Carol Welsh: Redefining “Heroic”

My long-time friend Carol Welsh is re-defining the concept of “heroic” later today (I’m writing at 1 am) as she fights a brain tumor growing into her spine. I’ve visited for just three of Carol’s surgeries (the three brain surgeries), but could not be there for the gamma knife surgery, the chemo, the radiation, the respiratory arrests, or the spinal surgeries. Her sisters, her mom, her nearby friends, her health care providers, and her brain tumor support system have been there for everything. They’re re-defining the concept of “heroic,” too, and many other things besides.

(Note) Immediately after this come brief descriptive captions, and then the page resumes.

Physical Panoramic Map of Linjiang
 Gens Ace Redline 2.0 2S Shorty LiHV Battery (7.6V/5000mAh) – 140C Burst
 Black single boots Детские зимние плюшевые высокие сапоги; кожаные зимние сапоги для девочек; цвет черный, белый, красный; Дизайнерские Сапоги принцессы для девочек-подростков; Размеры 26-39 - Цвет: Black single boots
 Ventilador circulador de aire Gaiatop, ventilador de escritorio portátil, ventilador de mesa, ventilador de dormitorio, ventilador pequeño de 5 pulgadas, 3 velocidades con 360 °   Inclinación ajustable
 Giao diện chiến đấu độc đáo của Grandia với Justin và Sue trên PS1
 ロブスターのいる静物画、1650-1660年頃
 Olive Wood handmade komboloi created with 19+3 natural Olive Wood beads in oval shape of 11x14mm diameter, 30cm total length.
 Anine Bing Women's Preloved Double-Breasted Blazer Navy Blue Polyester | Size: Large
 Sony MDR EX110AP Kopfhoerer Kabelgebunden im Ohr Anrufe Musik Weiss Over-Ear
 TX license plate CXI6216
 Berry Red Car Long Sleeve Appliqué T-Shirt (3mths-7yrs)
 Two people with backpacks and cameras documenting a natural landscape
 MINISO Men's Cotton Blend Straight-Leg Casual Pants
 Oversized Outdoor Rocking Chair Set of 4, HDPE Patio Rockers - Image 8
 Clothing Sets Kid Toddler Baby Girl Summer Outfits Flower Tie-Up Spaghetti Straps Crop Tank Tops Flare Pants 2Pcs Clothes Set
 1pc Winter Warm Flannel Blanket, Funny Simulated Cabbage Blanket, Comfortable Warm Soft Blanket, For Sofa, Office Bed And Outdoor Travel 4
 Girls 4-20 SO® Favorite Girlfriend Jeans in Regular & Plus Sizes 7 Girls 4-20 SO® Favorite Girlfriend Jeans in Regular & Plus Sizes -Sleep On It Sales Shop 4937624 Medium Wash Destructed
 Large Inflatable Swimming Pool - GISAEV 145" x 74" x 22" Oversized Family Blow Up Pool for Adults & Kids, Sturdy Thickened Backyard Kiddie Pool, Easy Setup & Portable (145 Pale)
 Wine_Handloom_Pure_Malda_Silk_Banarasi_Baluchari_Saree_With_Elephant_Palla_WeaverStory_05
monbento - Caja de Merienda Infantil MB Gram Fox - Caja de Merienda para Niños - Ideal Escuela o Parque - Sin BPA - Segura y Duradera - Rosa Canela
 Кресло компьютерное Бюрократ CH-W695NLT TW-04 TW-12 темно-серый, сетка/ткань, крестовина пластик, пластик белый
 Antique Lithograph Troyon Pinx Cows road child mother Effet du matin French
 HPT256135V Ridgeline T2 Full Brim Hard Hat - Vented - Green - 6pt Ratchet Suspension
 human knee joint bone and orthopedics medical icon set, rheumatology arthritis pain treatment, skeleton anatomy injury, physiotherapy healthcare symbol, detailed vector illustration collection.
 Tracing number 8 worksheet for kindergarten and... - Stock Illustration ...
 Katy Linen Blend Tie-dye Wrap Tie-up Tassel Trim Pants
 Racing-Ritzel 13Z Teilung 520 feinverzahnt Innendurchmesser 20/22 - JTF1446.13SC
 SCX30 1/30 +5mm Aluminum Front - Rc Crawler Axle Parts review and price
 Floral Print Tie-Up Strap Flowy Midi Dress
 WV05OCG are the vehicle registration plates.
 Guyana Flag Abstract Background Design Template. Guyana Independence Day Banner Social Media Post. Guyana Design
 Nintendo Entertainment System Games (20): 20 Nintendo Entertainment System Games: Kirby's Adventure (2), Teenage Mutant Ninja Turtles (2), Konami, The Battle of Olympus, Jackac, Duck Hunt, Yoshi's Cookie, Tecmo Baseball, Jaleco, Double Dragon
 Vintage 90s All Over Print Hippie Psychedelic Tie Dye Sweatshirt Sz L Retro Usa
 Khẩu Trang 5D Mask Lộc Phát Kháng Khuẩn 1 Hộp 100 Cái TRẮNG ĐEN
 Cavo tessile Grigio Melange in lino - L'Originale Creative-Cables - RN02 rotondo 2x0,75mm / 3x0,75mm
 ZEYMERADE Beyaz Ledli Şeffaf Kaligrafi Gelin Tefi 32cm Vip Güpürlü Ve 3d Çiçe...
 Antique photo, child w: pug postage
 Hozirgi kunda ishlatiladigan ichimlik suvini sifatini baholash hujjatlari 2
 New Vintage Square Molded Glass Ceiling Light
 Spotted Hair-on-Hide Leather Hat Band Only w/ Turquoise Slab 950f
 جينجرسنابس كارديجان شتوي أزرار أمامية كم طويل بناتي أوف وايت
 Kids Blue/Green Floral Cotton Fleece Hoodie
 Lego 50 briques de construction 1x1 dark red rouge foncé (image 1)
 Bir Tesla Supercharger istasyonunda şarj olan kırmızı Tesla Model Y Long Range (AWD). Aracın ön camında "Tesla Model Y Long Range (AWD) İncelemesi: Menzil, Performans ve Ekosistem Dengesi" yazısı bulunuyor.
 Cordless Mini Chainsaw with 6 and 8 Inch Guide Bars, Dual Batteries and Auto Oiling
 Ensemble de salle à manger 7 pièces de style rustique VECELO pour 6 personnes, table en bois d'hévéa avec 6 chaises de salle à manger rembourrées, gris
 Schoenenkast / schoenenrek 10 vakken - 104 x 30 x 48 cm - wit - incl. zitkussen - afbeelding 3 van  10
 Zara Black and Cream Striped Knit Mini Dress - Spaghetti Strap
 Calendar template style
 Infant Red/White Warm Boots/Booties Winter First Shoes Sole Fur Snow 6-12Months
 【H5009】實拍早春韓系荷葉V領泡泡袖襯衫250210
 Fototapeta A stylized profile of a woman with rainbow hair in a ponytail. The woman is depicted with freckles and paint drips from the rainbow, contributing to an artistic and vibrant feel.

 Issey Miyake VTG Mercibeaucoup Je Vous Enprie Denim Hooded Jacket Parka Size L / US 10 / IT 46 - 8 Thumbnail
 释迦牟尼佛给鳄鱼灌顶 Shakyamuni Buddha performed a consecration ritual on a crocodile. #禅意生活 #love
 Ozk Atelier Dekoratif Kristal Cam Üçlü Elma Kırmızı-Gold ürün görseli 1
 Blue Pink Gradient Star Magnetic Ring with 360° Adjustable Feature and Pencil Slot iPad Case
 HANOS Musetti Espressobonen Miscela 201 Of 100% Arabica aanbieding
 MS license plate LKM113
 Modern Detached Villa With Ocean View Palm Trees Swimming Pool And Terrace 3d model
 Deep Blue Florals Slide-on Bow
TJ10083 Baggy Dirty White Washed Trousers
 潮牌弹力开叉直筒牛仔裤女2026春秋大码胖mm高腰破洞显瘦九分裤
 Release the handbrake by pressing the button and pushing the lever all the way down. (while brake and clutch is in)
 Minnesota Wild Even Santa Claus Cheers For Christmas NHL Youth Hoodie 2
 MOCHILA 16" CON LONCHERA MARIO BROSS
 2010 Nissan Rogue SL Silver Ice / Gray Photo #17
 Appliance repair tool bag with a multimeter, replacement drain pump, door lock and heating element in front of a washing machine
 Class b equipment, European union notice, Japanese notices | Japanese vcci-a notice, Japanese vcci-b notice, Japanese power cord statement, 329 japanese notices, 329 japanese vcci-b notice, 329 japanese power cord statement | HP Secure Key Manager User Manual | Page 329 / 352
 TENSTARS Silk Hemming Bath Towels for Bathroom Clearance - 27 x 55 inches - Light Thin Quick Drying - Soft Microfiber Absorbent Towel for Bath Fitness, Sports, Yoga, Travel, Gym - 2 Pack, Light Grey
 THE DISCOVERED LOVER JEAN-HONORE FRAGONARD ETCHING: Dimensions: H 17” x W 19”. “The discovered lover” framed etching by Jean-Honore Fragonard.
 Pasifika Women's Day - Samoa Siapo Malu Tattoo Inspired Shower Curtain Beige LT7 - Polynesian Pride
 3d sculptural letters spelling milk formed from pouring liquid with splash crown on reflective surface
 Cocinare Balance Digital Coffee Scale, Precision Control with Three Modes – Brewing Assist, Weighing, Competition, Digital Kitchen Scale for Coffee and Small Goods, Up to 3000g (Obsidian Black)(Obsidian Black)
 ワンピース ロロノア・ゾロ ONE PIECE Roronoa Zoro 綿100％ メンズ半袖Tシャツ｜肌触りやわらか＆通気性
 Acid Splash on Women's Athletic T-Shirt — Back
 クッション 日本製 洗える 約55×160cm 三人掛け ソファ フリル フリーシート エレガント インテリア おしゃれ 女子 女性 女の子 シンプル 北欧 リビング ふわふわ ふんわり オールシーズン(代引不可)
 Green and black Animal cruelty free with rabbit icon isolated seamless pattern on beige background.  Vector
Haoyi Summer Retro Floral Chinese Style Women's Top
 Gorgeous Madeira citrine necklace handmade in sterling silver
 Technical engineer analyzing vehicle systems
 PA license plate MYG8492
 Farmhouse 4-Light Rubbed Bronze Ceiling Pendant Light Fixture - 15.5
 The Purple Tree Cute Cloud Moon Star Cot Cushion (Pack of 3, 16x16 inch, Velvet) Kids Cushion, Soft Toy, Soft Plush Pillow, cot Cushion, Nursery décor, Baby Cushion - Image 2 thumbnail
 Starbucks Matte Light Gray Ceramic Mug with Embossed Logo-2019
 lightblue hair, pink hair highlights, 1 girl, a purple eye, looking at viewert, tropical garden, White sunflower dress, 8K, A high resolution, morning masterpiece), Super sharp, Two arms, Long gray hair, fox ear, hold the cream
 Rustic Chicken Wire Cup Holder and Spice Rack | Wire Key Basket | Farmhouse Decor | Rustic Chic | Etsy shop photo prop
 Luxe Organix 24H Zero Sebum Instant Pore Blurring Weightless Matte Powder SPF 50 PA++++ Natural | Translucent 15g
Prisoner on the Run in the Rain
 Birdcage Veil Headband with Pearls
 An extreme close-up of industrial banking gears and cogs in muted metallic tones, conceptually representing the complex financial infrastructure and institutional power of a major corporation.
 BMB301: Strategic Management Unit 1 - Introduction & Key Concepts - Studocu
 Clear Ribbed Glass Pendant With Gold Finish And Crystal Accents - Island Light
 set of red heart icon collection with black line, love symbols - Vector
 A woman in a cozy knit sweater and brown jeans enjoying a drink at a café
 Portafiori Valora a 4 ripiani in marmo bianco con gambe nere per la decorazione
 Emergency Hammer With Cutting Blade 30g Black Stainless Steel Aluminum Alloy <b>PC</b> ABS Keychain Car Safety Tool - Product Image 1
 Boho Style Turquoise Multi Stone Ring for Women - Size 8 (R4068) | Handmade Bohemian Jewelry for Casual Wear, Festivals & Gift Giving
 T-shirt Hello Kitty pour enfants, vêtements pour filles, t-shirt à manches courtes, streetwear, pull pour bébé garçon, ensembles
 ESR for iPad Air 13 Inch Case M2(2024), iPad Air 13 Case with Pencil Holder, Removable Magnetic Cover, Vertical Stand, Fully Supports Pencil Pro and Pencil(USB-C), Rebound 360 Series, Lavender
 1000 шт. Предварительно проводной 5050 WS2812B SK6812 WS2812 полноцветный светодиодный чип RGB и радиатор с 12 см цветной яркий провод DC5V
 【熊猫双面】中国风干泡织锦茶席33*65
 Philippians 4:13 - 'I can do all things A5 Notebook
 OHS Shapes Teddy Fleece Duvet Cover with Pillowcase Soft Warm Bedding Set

Carol's scars from the ependymoma surgeries - November 11 2014

Scars from multiple surgeries, taken November 2014, before having had a few more surgeries since.

I used to bring Carol up in many of my ethics classes to make this or that point–about the nature of courage, moral luck, trauma, access to health care, so many things–using her website as a teaching tool. The issues she brings up are similar to those brought up by Chris Sciabarra in his writings and work on his own illness. But more important right now than any of that are the decades of friendship we’ve shared, from the moment she took the initiative to drag me out of my introverted shell as a college senior, dragging me into conversation, and eventually “dragging” me to breakfast and lunch with her just about every week for the year we spent together at college (1990-91). I’ll be thinking about her all day today, including the long part of my day that I spend in the OR at Hunterdon Medical Center.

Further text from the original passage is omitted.